Plotting the frequency of the credit loan against the age groups in Figure 5 shows that credit demands from applicants between the ages of 20 and 39 make up for about two-thirds of the total credit demands.

Data Pre-Processing

Data pre-processing involves the transformations being applied to the data before feeding it to the algorithm. Since most of the variables in the dataset are categorical, various techniques need to be applied for converting the categorical to numerical variables.

  1. Converting binary categorical data to numerical: In this step, the yes or no columns own_telephone, foreign_worker (Refer Table 3) are converted to 1’s and 0’s.
  2. One-hot encoding: This technique transforms each categorical feature with n possible values into n binary features, with only one active. The Pandas package in Python supports this feature using the get_dummies method. This function is named this way because it creates dummy and indicator columns. The following columns in the German credit data are one-hot encoded: checking_status, credit_history, savings_status, employment, personal_status, other_parties, job, housing, other_payment_plans, property_magnitude
  3. Label encoding: Another approach for converting categorical variables to numerical is by using label encoding, which converts each value in a column to a numeric value. The purpose column in the data is label-encoded. The optimized scikit-learn* has a pre-built functionality for preprocessing using the scikit-learn pre-processing module.

Feature Selection

Datasets may contain irrelevant or redundant features that might make the machine-learning model more complicated. In this step, we aim to remove the irrelevant features which may cause an increase in run time, generate complex patterns, etc.
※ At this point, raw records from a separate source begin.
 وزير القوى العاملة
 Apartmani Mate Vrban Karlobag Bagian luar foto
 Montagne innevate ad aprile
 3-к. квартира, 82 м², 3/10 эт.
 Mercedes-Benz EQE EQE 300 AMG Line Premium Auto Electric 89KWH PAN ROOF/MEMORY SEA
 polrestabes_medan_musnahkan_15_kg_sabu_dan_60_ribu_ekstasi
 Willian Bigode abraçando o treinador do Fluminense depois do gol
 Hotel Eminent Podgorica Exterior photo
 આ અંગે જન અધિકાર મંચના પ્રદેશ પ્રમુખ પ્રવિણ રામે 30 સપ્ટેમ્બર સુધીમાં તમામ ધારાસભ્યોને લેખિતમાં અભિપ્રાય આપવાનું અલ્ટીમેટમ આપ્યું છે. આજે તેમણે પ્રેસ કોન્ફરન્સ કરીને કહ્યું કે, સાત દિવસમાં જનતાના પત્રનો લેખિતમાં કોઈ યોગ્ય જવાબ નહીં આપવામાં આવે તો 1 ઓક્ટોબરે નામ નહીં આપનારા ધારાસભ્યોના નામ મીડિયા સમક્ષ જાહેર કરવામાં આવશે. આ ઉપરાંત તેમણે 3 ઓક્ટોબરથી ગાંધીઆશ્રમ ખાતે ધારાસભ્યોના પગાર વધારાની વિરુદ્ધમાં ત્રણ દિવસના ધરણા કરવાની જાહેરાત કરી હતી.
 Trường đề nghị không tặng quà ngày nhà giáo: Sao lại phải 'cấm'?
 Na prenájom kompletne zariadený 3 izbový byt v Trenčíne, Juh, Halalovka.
The generated subset of features is used for further analysis. The feature selection can be done either by using Random Forest or Xgboost algorithm. In this experiment, the Xgboost algorithm is used to select the best features which has a score above a predefined threshold value . Table 5 shows some of the features sorted based on the score value.

Table 5. Feature Importance.

Feature Score
credit_amount 0.1724
duration 0.1122
age 0.1057
purpose 0.0634
checking_status_no checking 0.0423
installment_commitment 0.0341
plan_none 0.0309
employment_4<=X<7 0.0293
residence_since 0.0260
credit_history_all paid 0.0244

Data Split

Splitting the train and test data: The data is then split into train and test sets for further analysis. 90% of the data is used for training and 10% is for testing. The train_test_split function in scikit-learn is used for data splitting.

Classifier Implementation

Classifier is implemented using two packages: scikit-learn with Intel DAAL and PyDAAL.

Scikit-Learn with Intel DAAL

Balancing the Dataset

The dataset is highly imbalanced with 70% of the data containing good credit risks. This data imbalance is handled by the SMOTE algorithm, which generates the new smoted dataset that addresses the unbalanced class problem. It artificially generates observations of minority classes using the nearest neighbors of this class of elements to balance the training dataset.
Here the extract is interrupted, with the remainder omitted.